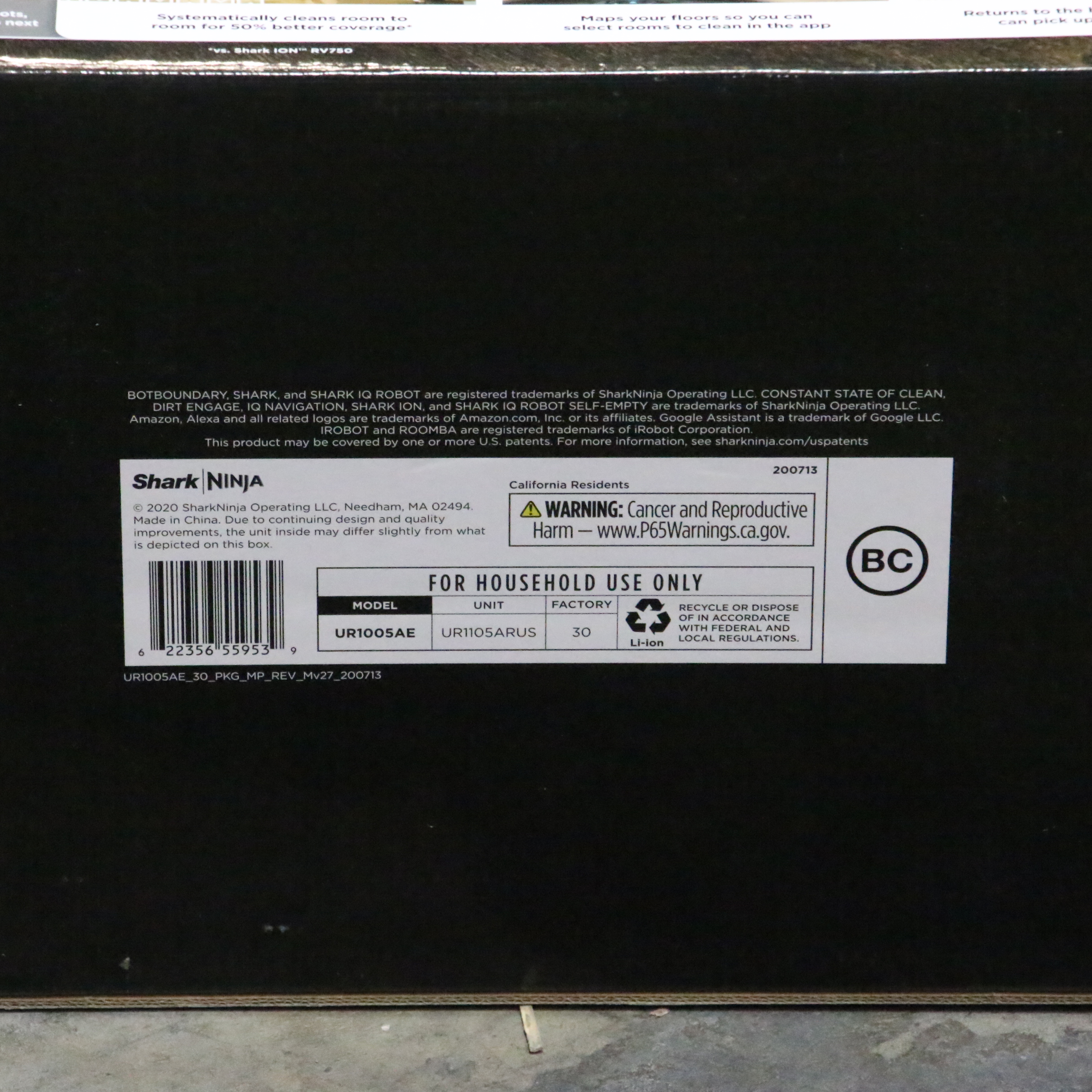 Shark IQ Robot Self-Empty Robot Vacuum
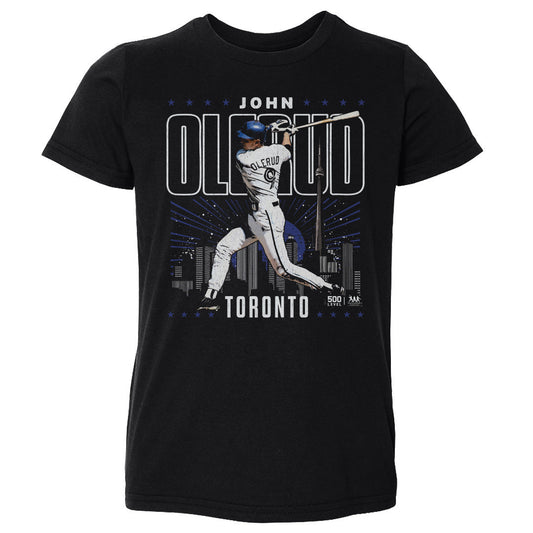 John Olerud Toronto Gritty WHT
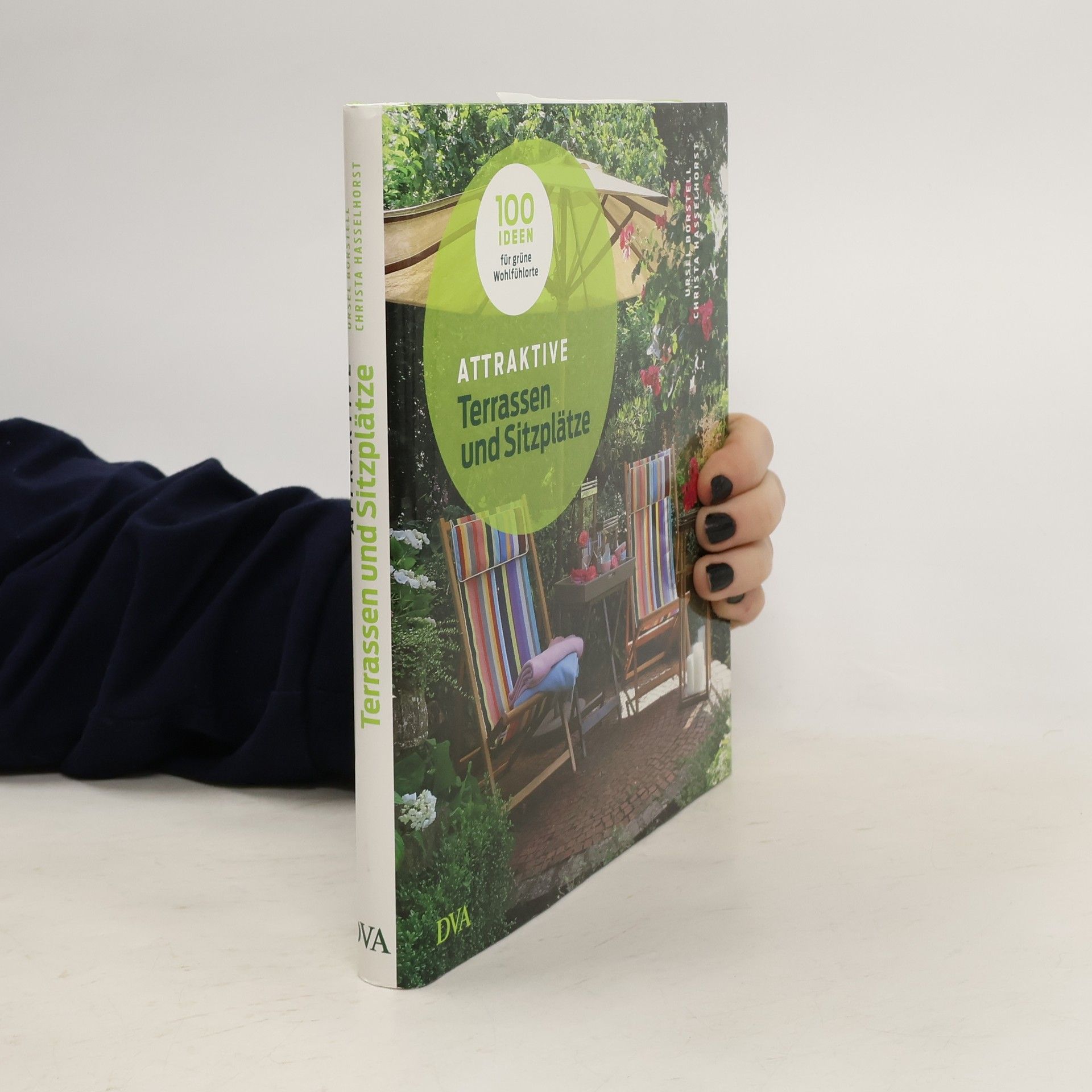 Attraktive Terrassen und Sitzplätze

- [PROBLEM DESCRIPTION]
The lines from the one containing "John Olerud Toronto Gritty WHT" up to and including the last line of the material above are to be given again exactly; any pictures are dropped.

- [RESPONSE TO THIS EXERCISE]
 John Olerud Toronto Gritty WHT
 Attraktive Terrassen und Sitzplätze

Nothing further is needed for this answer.